SUPPLIED INFORMATION section start

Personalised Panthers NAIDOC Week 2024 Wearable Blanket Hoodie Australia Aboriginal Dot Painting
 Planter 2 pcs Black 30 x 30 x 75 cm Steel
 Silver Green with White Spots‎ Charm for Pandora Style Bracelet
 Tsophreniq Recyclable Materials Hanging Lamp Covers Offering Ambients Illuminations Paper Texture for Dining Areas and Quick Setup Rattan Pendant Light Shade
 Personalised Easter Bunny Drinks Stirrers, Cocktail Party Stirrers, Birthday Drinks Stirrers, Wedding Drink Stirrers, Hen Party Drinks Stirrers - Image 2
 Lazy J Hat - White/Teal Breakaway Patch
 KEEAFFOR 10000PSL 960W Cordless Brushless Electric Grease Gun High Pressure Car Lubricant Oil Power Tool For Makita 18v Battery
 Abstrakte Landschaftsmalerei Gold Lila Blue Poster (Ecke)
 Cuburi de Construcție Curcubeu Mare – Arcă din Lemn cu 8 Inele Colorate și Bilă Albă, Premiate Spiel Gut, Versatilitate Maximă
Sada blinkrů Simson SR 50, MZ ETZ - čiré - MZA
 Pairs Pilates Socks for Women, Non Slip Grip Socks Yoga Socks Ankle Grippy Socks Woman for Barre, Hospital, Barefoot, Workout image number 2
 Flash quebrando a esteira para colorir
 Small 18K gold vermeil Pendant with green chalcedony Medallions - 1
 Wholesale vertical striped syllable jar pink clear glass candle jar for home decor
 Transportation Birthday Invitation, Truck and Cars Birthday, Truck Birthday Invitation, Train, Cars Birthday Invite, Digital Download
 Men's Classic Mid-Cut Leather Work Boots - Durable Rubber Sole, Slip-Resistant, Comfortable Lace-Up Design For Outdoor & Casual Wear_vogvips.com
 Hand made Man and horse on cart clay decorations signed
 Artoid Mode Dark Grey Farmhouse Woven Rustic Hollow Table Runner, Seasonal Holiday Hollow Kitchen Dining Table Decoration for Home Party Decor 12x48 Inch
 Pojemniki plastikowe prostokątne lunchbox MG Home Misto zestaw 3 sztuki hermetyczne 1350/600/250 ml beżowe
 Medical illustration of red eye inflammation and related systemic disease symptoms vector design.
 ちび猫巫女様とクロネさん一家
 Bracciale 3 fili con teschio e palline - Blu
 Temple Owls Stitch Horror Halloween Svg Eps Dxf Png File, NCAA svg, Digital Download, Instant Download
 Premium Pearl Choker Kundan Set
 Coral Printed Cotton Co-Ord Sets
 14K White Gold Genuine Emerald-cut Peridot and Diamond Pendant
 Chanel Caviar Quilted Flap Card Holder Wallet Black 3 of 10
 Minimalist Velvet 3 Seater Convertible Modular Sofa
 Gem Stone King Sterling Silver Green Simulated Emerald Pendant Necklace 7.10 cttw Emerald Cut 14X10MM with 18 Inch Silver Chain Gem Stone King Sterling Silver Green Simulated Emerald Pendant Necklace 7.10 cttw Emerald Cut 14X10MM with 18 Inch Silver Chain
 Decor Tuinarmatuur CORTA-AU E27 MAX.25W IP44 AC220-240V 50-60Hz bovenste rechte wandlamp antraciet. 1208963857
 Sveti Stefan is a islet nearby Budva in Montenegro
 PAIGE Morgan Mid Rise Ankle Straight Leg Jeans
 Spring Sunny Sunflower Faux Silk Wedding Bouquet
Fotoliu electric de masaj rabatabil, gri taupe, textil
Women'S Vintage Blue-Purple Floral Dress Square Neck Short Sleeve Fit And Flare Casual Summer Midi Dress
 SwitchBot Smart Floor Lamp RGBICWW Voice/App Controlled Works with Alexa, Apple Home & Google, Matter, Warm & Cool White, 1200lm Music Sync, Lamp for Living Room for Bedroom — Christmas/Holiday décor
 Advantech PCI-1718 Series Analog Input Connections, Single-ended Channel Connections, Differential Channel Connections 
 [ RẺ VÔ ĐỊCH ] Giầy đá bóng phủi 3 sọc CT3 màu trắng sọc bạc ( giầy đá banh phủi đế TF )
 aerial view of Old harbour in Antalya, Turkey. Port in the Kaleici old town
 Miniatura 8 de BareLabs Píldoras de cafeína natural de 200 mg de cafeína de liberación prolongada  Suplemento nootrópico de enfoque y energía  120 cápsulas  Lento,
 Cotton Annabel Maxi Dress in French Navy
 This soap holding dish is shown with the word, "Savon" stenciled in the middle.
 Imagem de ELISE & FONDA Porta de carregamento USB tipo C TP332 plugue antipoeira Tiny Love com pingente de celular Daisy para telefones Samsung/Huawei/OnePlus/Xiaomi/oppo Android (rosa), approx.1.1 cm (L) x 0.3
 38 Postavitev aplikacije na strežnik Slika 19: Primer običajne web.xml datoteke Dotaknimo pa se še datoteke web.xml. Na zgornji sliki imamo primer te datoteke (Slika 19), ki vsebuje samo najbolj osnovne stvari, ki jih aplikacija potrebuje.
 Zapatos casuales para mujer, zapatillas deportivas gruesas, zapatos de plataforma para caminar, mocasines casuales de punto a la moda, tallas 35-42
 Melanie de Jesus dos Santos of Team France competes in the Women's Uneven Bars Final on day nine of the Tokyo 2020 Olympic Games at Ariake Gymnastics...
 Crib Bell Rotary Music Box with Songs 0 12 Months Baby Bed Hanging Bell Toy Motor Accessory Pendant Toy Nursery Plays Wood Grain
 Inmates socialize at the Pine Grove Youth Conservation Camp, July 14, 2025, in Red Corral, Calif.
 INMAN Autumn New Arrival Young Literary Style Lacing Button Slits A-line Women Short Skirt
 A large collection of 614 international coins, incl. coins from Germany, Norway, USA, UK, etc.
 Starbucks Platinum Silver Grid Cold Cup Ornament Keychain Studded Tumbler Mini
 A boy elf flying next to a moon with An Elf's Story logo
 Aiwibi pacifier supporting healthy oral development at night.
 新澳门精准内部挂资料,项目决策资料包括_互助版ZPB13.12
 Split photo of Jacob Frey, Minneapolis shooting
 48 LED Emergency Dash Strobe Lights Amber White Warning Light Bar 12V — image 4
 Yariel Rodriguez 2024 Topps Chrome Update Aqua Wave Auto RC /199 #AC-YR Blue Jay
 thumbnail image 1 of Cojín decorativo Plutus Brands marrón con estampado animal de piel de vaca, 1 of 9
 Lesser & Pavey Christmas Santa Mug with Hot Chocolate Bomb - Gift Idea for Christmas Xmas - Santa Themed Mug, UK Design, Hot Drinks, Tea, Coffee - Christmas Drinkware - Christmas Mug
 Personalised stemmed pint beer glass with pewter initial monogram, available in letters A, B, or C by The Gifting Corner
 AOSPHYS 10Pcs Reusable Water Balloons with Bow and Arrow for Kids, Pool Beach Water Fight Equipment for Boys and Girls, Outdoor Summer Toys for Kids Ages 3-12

SUPPLIED INFORMATION section end

(WHAT IS BEING ASKED): Only output the lines from the one with "A boy elf flying" through the end of the entries above, exactly as they are.

(ANSWER BELOW):
 A boy elf flying next to a moon with An Elf's Story logo
 Aiwibi pacifier supporting healthy oral development at night.
 新澳门精准内部挂资料,项目决策资料包括_互助版ZPB13.12
 Split photo of Jacob Frey, Minneapolis shooting
 48 LED Emergency Dash Strobe Lights Amber White Warning Light Bar 12V — image 4
 Yariel Rodriguez 2024 Topps Chrome Update Aqua Wave Auto RC /199 #AC-YR Blue Jay
 thumbnail image 1 of Cojín decorativo Plutus Brands marrón con estampado animal de piel de vaca, 1 of 9
 Lesser & Pavey Christmas Santa Mug with Hot Chocolate Bomb - Gift Idea for Christmas Xmas - Santa Themed Mug, UK Design, Hot Drinks, Tea, Coffee - Christmas Drinkware - Christmas Mug
 Personalised stemmed pint beer glass with pewter initial monogram, available in letters A, B, or C by The Gifting Corner
 AOSPHYS 10Pcs Reusable Water Balloons with Bow and Arrow for Kids, Pool Beach Water Fight Equipment for Boys and Girls, Outdoor Summer Toys for Kids Ages 3-12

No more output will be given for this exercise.